__What to work on__. Restate word for word the lines below, from the one containing "Kreativitas Siswa SD" through the final line, with no pictures included.

__Information provided__.
+++++
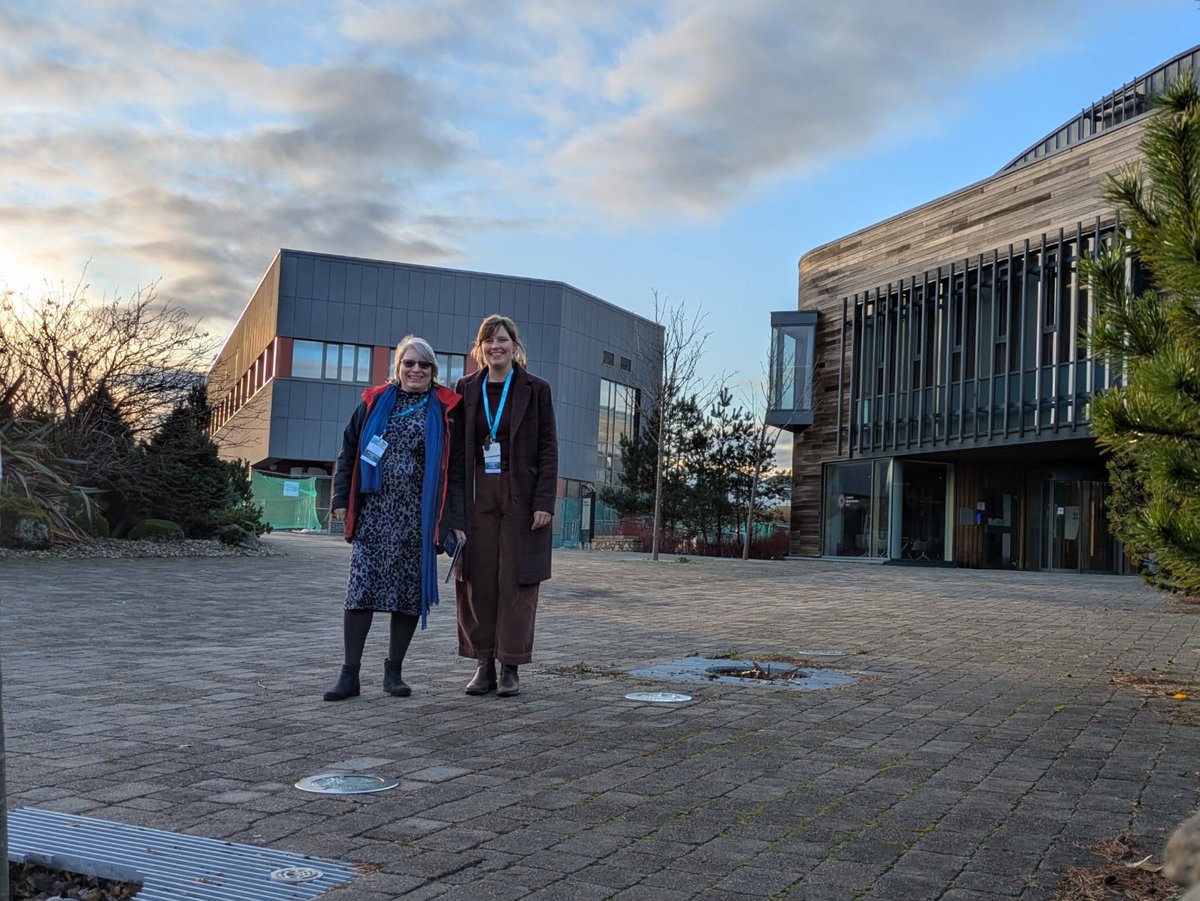 Roslinnovation's tweet image. Stunning afternoon on the west coast of Scotland visiting the European Marine Science Park, an innovative marine science business cluster and home to the Scottish Association for Marine Science (SAMS), one of the world’s oldest oceanographic institutions.
What about the views...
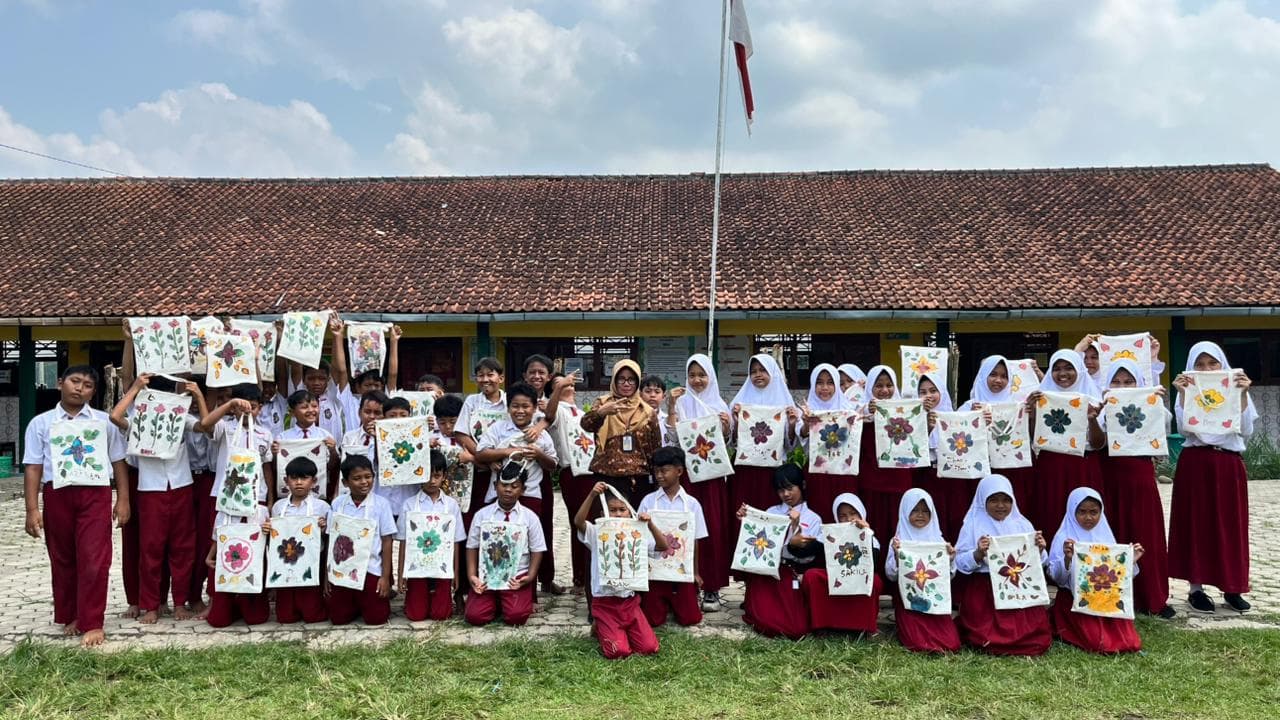 Kreativitas Siswa SD Negeri 2 Pasir Kidul Tuang Seni Membatik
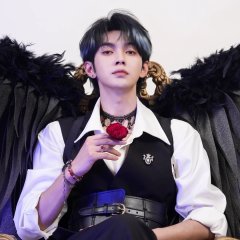 Jie Jie Qing Ru Huai Chinese Drama(2025) photo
+++++
__Solution for this task__.
 Kreativitas Siswa SD Negeri 2 Pasir Kidul Tuang Seni Membatik
 Jie Jie Qing Ru Huai Chinese Drama(2025) photo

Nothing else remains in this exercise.